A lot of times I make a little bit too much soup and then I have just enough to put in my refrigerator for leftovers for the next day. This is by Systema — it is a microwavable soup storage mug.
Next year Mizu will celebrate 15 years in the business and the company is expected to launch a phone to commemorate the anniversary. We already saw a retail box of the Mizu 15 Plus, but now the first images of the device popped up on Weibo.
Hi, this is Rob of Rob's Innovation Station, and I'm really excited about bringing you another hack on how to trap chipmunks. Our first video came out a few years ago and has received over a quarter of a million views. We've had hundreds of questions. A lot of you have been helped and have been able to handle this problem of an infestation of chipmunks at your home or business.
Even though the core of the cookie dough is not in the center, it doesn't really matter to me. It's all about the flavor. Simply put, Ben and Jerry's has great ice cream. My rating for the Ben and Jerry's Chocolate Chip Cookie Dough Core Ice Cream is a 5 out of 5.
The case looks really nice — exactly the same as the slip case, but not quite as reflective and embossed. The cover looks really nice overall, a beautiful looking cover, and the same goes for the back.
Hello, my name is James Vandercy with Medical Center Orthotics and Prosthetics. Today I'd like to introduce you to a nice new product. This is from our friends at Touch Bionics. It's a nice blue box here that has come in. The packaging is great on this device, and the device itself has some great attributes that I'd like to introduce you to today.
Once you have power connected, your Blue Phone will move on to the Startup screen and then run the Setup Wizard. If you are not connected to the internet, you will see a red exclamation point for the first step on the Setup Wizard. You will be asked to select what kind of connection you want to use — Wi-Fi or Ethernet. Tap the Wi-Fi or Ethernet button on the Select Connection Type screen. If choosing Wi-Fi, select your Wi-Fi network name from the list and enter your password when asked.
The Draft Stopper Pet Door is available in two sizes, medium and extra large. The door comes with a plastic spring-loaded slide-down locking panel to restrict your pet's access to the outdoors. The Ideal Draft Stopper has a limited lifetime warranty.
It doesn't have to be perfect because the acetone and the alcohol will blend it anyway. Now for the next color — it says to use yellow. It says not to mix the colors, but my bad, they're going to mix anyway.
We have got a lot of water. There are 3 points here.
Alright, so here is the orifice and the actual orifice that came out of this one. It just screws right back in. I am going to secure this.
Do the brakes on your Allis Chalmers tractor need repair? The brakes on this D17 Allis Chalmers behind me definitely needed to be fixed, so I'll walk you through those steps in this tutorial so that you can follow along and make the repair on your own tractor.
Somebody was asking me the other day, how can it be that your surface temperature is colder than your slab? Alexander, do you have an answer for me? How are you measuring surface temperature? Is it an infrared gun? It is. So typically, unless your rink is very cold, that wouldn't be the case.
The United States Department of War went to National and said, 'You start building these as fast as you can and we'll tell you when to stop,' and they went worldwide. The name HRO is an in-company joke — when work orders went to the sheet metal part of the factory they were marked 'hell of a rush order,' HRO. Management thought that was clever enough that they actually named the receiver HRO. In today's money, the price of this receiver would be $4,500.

○ ○ ○

**What this task involves**
Above are the records; print exactly the lines from the line with "Hi, this is" to the line with "The Draft Stopper", including both, and nothing else.

**Answer to this task**
Hi, this is Rob of Rob's Innovation Station, and I'm really excited about bringing you another hack on how to trap chipmunks. Our first video came out a few years ago and has received over a quarter of a million views. We've had hundreds of questions. A lot of you have been helped and have been able to handle this problem of an infestation of chipmunks at your home or business.
Even though the core of the cookie dough is not in the center, it doesn't really matter to me. It's all about the flavor. Simply put, Ben and Jerry's has great ice cream. My rating for the Ben and Jerry's Chocolate Chip Cookie Dough Core Ice Cream is a 5 out of 5.
The case looks really nice — exactly the same as the slip case, but not quite as reflective and embossed. The cover looks really nice overall, a beautiful looking cover, and the same goes for the back.
Hello, my name is James Vandercy with Medical Center Orthotics and Prosthetics. Today I'd like to introduce you to a nice new product. This is from our friends at Touch Bionics. It's a nice blue box here that has come in. The packaging is great on this device, and the device itself has some great attributes that I'd like to introduce you to today.
Once you have power connected, your Blue Phone will move on to the Startup screen and then run the Setup Wizard. If you are not connected to the internet, you will see a red exclamation point for the first step on the Setup Wizard. You will be asked to select what kind of connection you want to use — Wi-Fi or Ethernet. Tap the Wi-Fi or Ethernet button on the Select Connection Type screen. If choosing Wi-Fi, select your Wi-Fi network name from the list and enter your password when asked.
The Draft Stopper Pet Door is available in two sizes, medium and extra large. The door comes with a plastic spring-loaded slide-down locking panel to restrict your pet's access to the outdoors. The Ideal Draft Stopper has a limited lifetime warranty.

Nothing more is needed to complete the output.